Im Frühling habe ich ihn kennengelernt, wir waren uns sofort symphatisch auf eine freundschaftliche Weise. Wir konnten stundenlang quatschen und so wusste ich natürlich recht bald, dass er verheiratet ist und zwei Kinder im Teenageralter hat. Ich selbst bin Mitte 20, er ist rund zehn Jahre älter. Eigentlich war er auch gar nicht mein Typ- ja eigentlich. Abgesehen davon, dass er nur so groß ist wie ich (was mir mir immer viel zu klein war), war er mir auch noch zu alt und vor allem zu verheiratet. Noch Anfang des Jahres hätte ich wohl eher mir ein Bein abgehackt, als mich auf einen verheirateten Mann einzulassen. So waren wir rund drei Monate nur normal befreundet, konnten uns über alles offen austauschen und sahen uns beinahe täglich oder telefonierten zumindestens. Er hat mir gegenüber immer mit offenen Karten gespielt.

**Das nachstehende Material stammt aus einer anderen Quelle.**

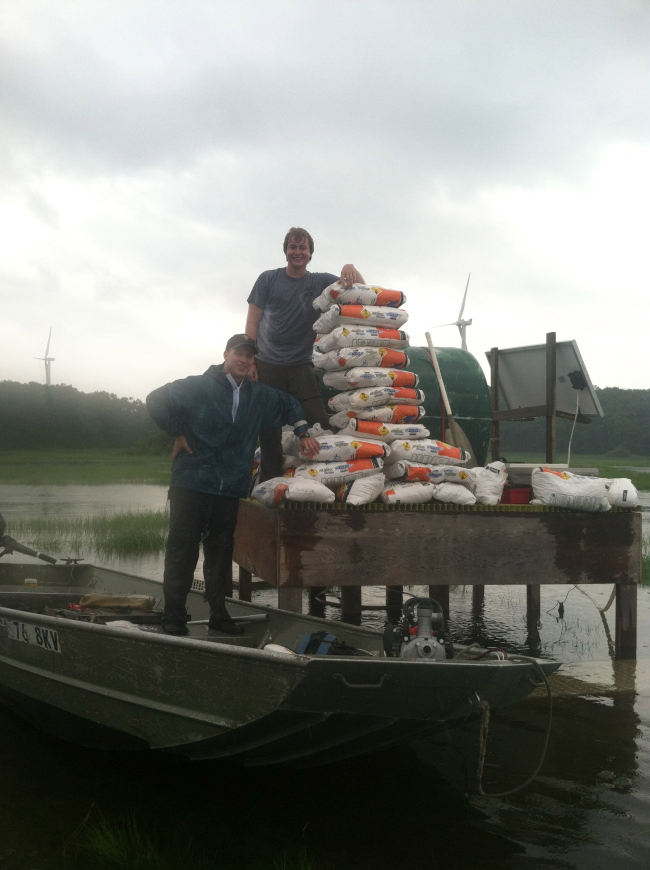 Marshall and David stacking fertilizer on a high spring tide.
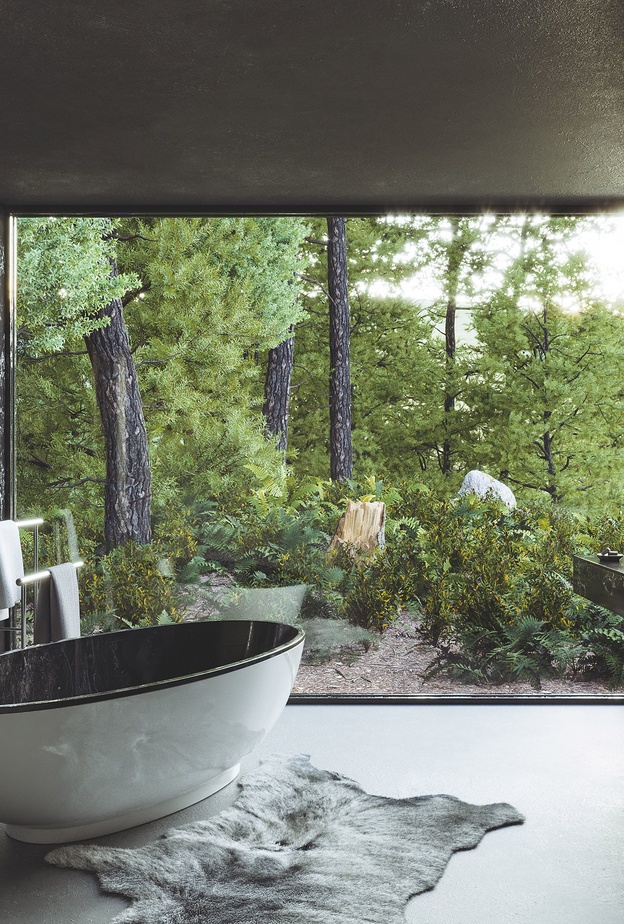 إطلالة رائعة للحمام الغانق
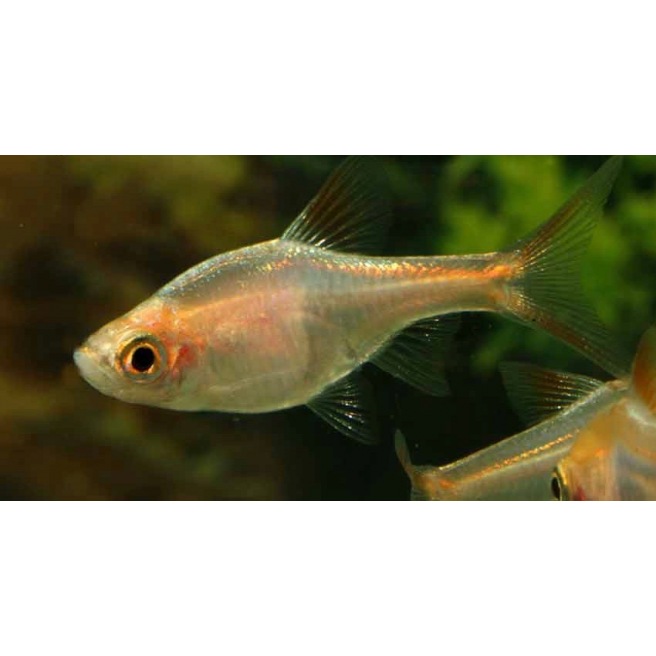 Trigonostigma Heteromorpha Gold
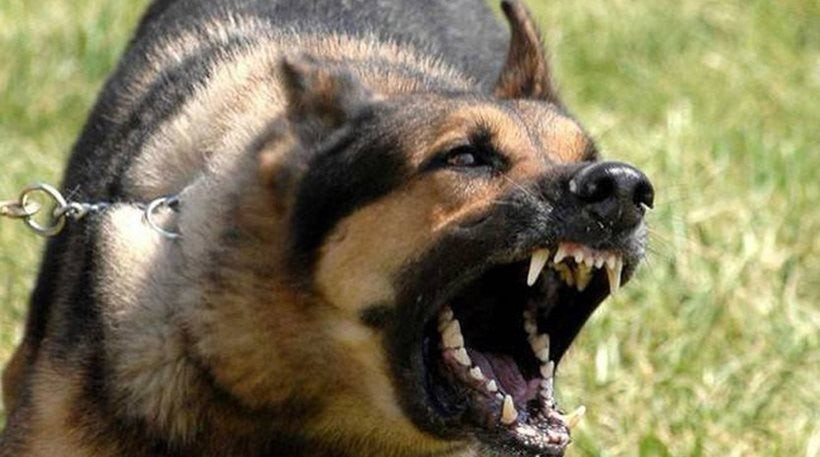Λάρισα: Τρόμος για 53χρονη που δέχθηκε επίθεση από σκύλο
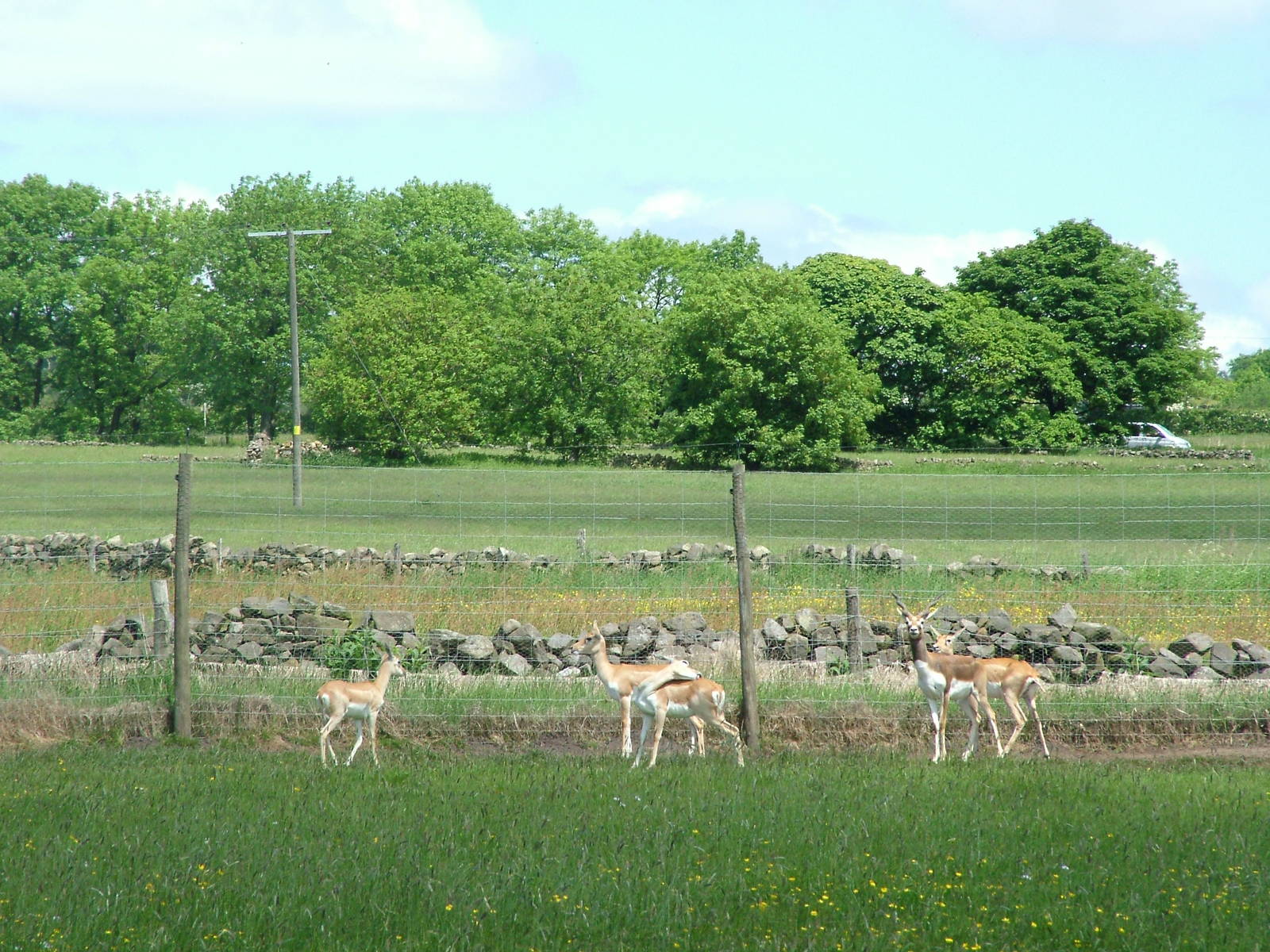 Blackbuck at Blackbrook, 12/06/10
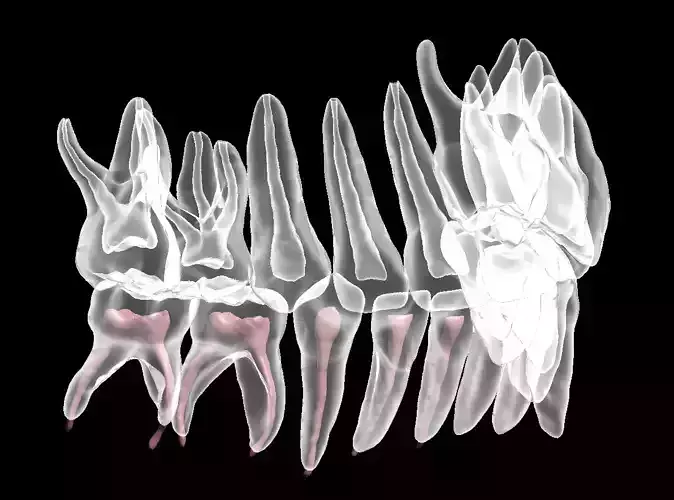 Primary teeth anatomy model 3D print model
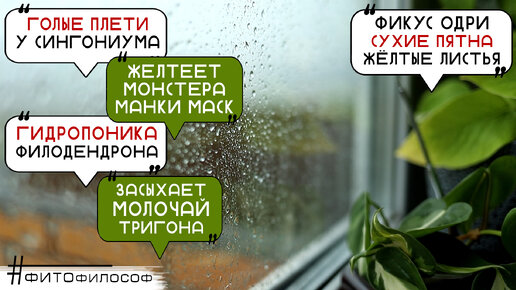 ЧТО ДЕЛАТЬ?😵Желтеет Монстера МАНКИ и ЗАМИК, засох МОЛОЧАЙ, сухие пятна и желтизна на фикусе ОДРИ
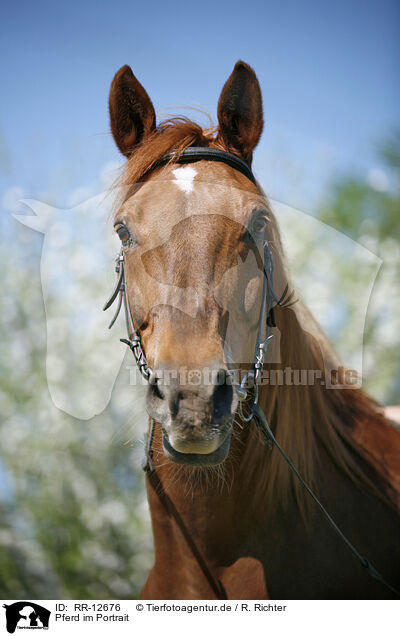 Pferd im Portrait / Horse Portrait / RR-12676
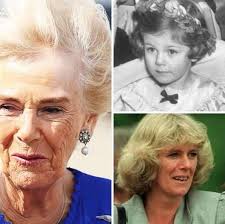 Controversy surrounding Camilla and the royal family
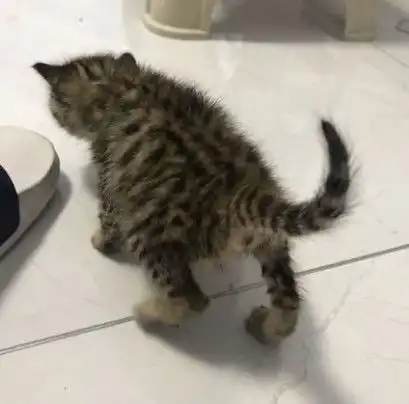  大雨中抱了只小猫回家,女友看到后强烈拒绝田园猫不准养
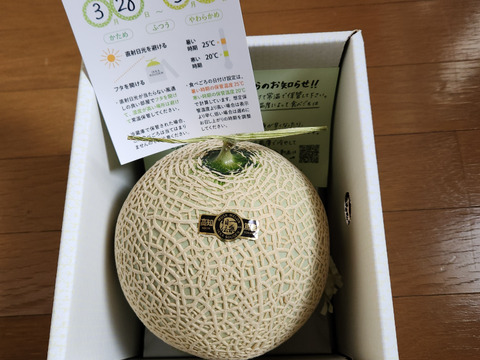 「外まで甘い」1玉箱入り高糖度マスクメロン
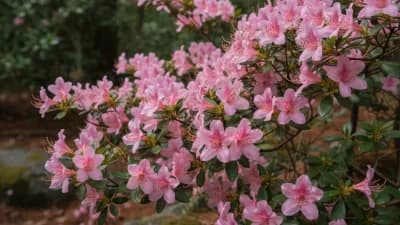 Carolina Azalea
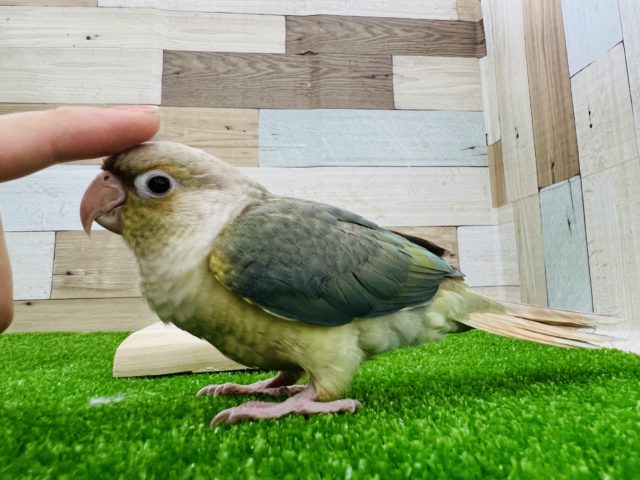 ホオミドリウロコインコ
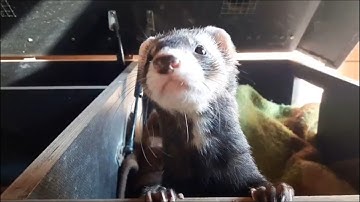 I surprise Ferret Snoopy at a Computer Break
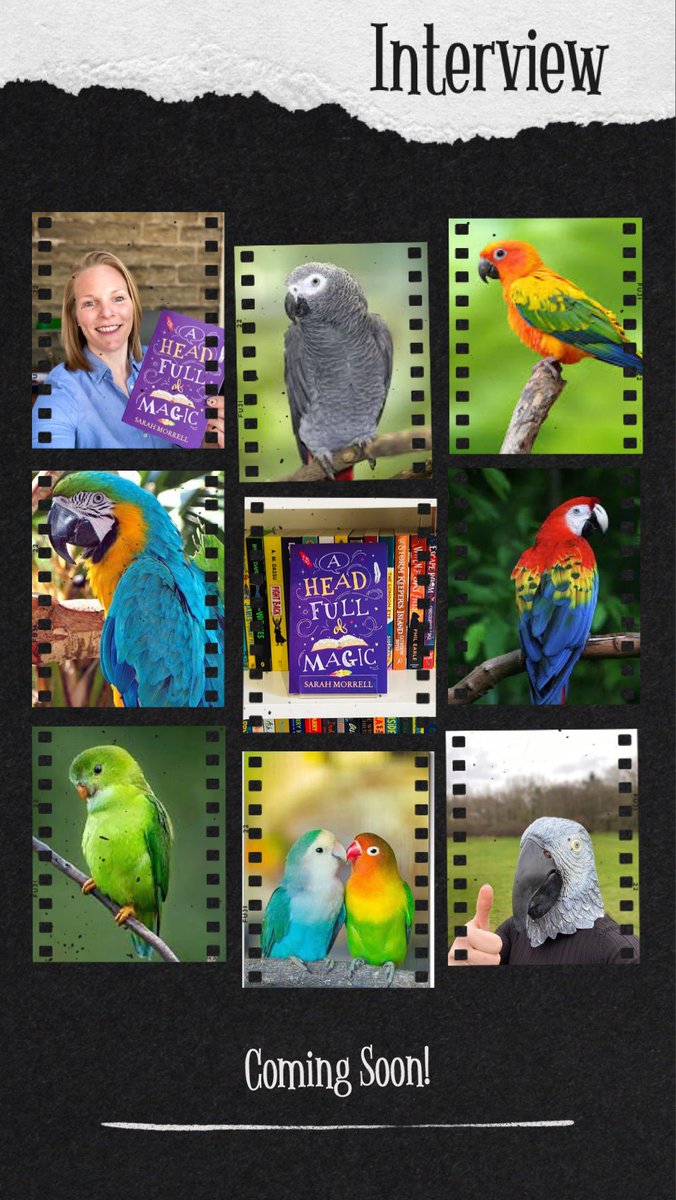 SMorrellAuthor's tweet photo. Super excited about a parroty interview I gave recently…watch this space for full details!! Eek!!🦜🦜🦜
#Exciting #Magazine #Interview #ComingSoon #Writing #Parrots #MyBook #MiddleGradeBooks #AHeadFullOfMagic #TalkingAnimals #Magic #Hexter #AuthorsJourney #AuthorsLife https://t.co/JVVaCmgDEq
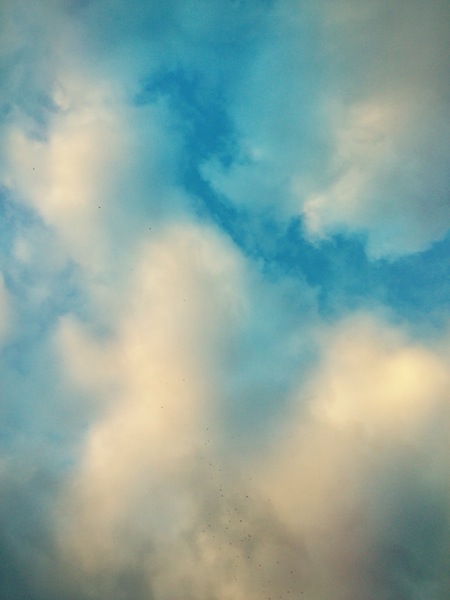 Transient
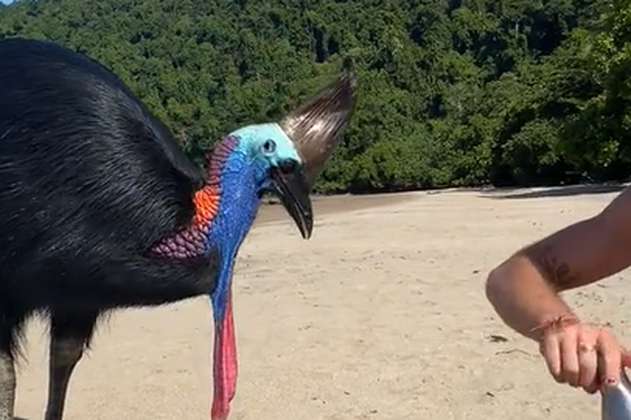 (VIDEO) Modelo uruguaya se hace amiga del “ave más peligrosa del mundo”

Wir waren wirklich gute Freunde, sehr vertraut, immer ehrlich, aber es war nie "mehr" dabei. Bis zu diesem Abend im Juni. Wir haben uns nach der Arbeit auf ein Feierabendbier gertroffen, wie schon öfters davor. Aus Flachs meinte ich dann, ob er mir den Nacken massieren könne, weil dieser so verspannt sei. Ich bin eine typische Bürostuhltäterin und neige dann leider zu Verspannungen. Es gab's auch schon vorher, dass er mir manchmal aus Jux so ein bisschen den Nacken massierte oder ich ihm. Also fing er an meinen Nacken zu bearbeiten, meinte aber recht bald, dass er die ihm abgewandte rechte Seite nicht erreiche. Da wir auf so großen Stufen saßen, bin ich dann ein Stück nach vorne geruscht und er ist hinter mich geruscht, um sich (breitbeinig) hinzusetzen. Sein Glas hatte er dann schon neben mich gestellt und ich ließ nach einer Weile entspannt mein Kinn auf meine Brust sinken, als ich plötzlich seine Lippen an meinem Nacken spürte. Mir wurde im gleichen Augenblick heiß und kalt und mindestens ebenso übel. Da saß ich nun, genau wissend, dass er verheiratet ist und Familie hat. Eine gefühlte Ewigkeit habe ich mich nicht bewegt, habe krampfhaft die Augen zusammengepresst und überlegt, während ich langsam tiefrot wurde. Dann hob ich den Kopf, drehte mich zu ihm um und meinte nur sehr sinnig. "Frechdachs." Wie er mir selbst Monate später erzählte, ist er in dem Moment auf volles Risiko gegangen und hatte eigentlich erwartet, das ich ihn (verbal) ohrfeige. Wir hatten uns darüber unterhalten, sind beide altmodisch und grade mir war die Ehe immer heilig. Sex verbinde ich immer mit Liebe, ich könnte nie mit jemanden schlafen ohne Gefühle und das geht ihm genauso. Aber ab dem Moment war's, als sei in meinem Kopf ein Schalter umgelegt wurden. Natürlich wusste und weiß ich immer noch, dass er verheiratet ist und wenn ich daran denke, ekel ich mir vor mich selbst. Natürlich weiß ich, wie mies das gegenüber seiner Frau und seinen Kindern ist.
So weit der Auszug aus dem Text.